Koldo ha negado haber cobrado ningún importe a la empresa Aldama ni haber recibido regalos o contraprestaciones por parte del PSOE. Según sus declaraciones, los billetes que aparecen en la investigación los habría usado únicamente para cambiarlos, sin que ello implicara una retribución directa. El acusado también sostiene que su actividad se limitó a colaborar de forma puntual en tareas administrativas y de ayuda humanitaria, sin que existieran relaciones de carácter económico o político con los implicados.

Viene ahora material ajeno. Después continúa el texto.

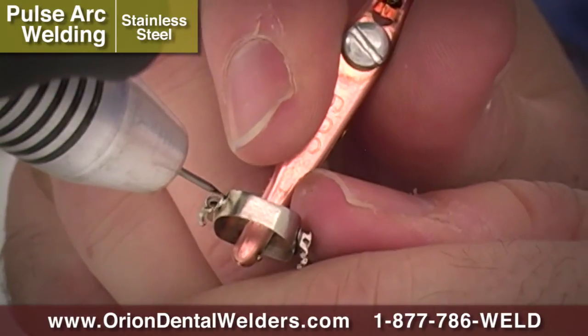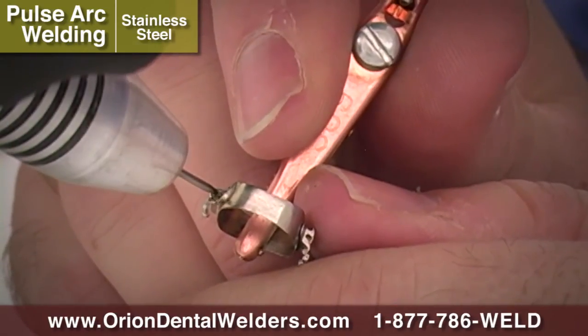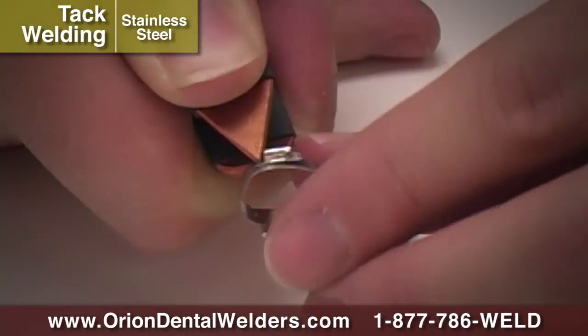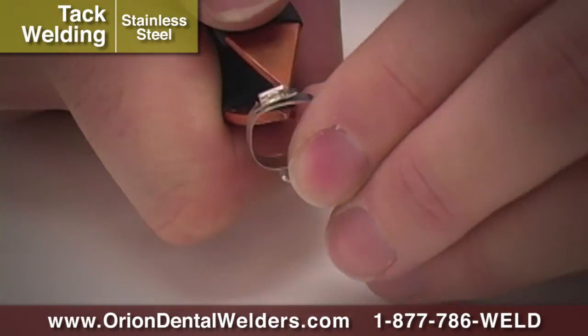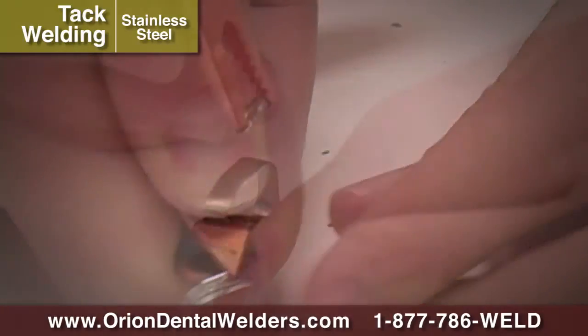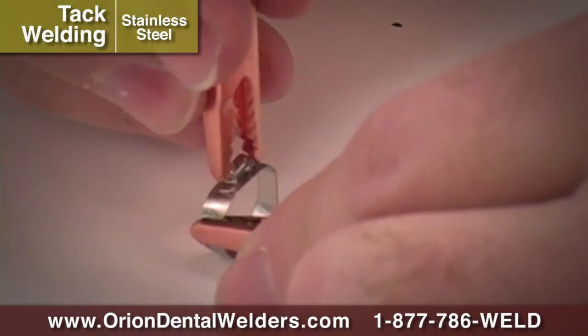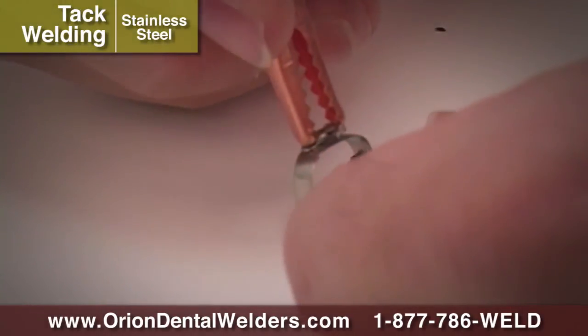The Orion Dental Welder can be used to weld buccal tubes to molar bands in several different ways. In Spot Weld Mode, a tweezer type attachment can permanently weld the parts together. If temporary placement is desired, reduce the spot weld energy to create a tack weld between the two parts.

Contexto del proceso y acusaciones
El caso se origina a partir de denuncias que apuntan a la existencia de una red de pagos en efectivo que, presuntamente, habría beneficiado a dirigentes del PSOE a través de la entrega de “chistorras” –término utilizado por la prensa para referirse a los sobres con dinero. Entre los principales denunciantes se encuentran el fiscal Luzón y el exministro Aldama, quienes sostienen que Koldo habría actuado como intermediario en la transferencia de fondos.
- Se alega que Koldo entregó sobres de dinero en efectivo a varios miembros del PSOE.
- Los fiscales señalan que el acusado habría recibido instrucciones de altos cargos para realizar dichos pagos.
- Koldo afirma que nunca cobró por estos actos y que su única intención era ayudar sin obtener beneficios personales.
- El proceso ha sido trasladado al Tribunal Supremo, donde se decidirá si existen suficientes pruebas para mantener la acusación.
El fiscal Luzón, durante la vista ante el Supremo, describió a Koldo como un “personaje que se presenta como altruista, pero cuya actuación encubría una trama de financiación irregular”. Por su parte, la defensa de Koldo ha argumentado que el acusado ha sido objeto de una narrativa sensacionalista que busca dramatizar su papel, presentándolo como un “abate” o “superabuelita” sin fundamentos probatorios.
En declaraciones a la prensa, Koldo ha reiterado que su única motivación fue la ayuda desinteresada y que nunca existió un acuerdo económico con el PSOE ni con la empresa Aldama. Además, ha señalado que los documentos presentados por la acusación carecen de pruebas concluyentes que demuestren un vínculo directo entre los pagos y su persona.
El Tribunal Supremo analizará los testimonios, los documentos financieros y las pruebas presentadas por la fiscalía y la defensa para determinar si procede abrir un juicio oral y, en su caso, dictar una sentencia que aclare la responsabilidad de Koldo en los supuestos hechos de corrupción.